What the exercise asks:
Please set down exactly the lines of the listing below from the line containing "1408 SW 23rd" through the line containing "热沙放在白色盘子上照片摄影图片", both lines included, leaving out all other lines.
*** Opening Source material ***
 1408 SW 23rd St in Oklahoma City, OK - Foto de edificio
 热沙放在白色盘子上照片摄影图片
*** Closing Source material ***
*** Opening Source material ***
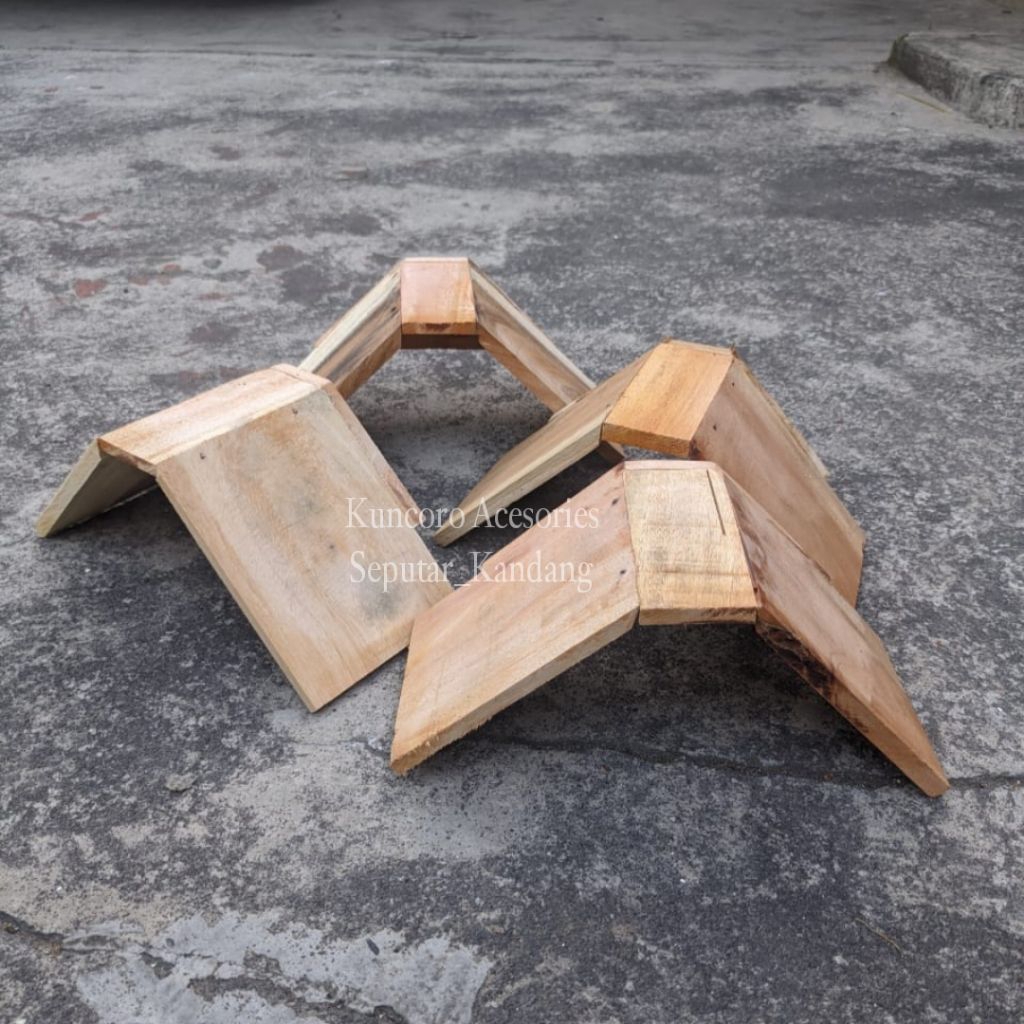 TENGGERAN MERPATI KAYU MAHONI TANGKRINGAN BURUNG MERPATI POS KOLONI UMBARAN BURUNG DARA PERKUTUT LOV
*** Closing Source material ***
Completed exercise:
 1408 SW 23rd St in Oklahoma City, OK - Foto de edificio
 热沙放在白色盘子上照片摄影图片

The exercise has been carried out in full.